> _Directions for this task_: Only the pictures should be left out; repeat the rest of the data exactly.

> _Source data_:
▼

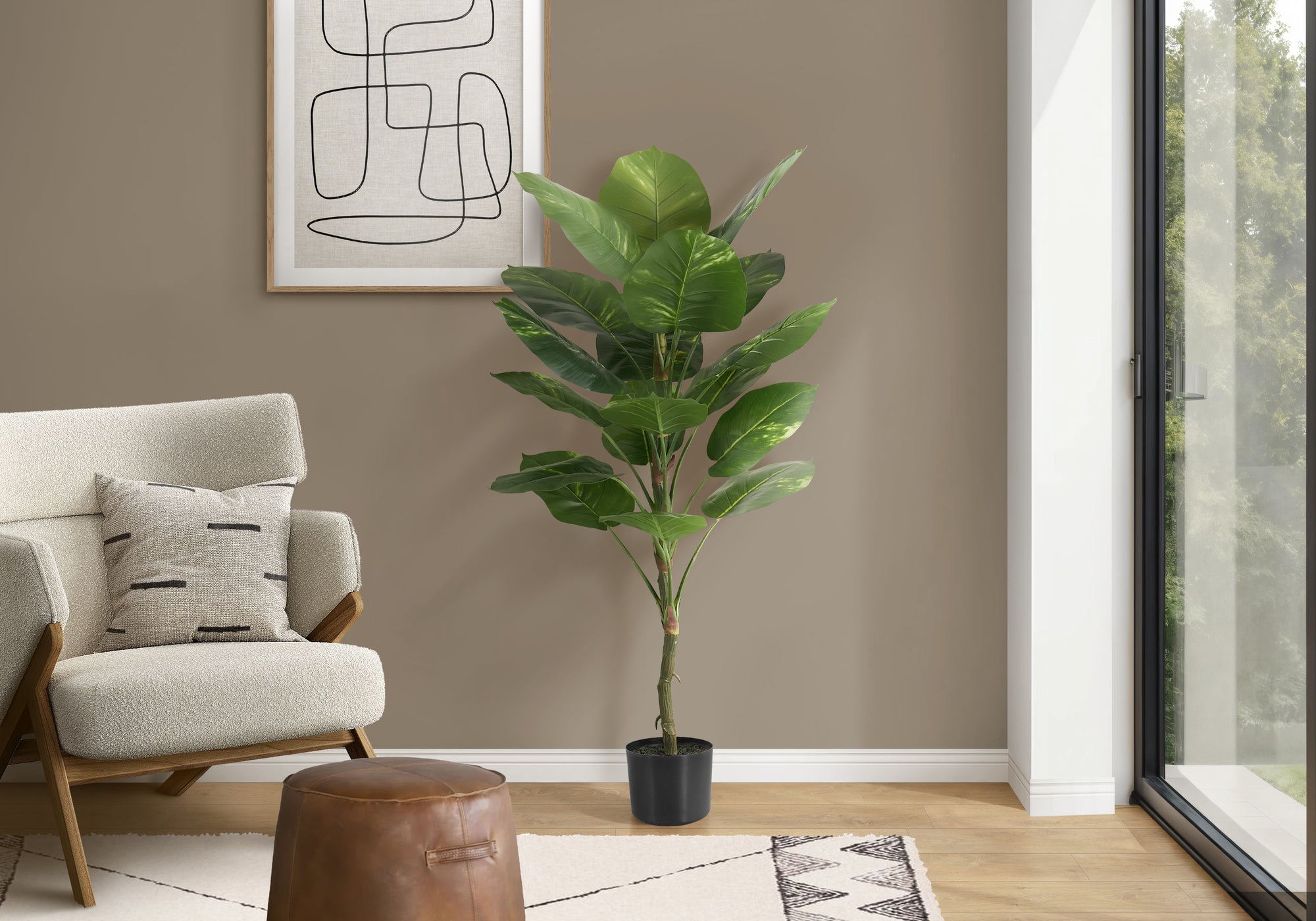ARTIFICIAL PLANT - 54""H / INDOOR DIEFFENBACHIA / 6"" POT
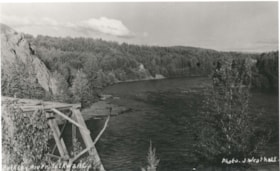 Bulkley River at Telkwa, B.C.. (Images are provided for educational and research purposes only. Other use requires permission, please contact the Museum.) thumbnail
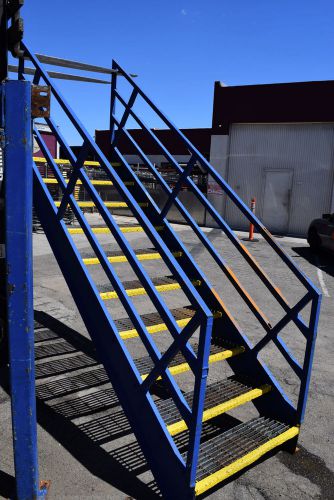 HD Industrial 10 Step Steel Stairway Ladder Mezzanine Dock Staircase Warehouse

▲

> _Your solution_:
ARTIFICIAL PLANT - 54""H / INDOOR DIEFFENBACHIA / 6"" POT
 Bulkley River at Telkwa, B.C.. (Images are provided for educational and research purposes only. Other use requires permission, please contact the Museum.) thumbnail
 HD Industrial 10 Step Steel Stairway Ladder Mezzanine Dock Staircase Warehouse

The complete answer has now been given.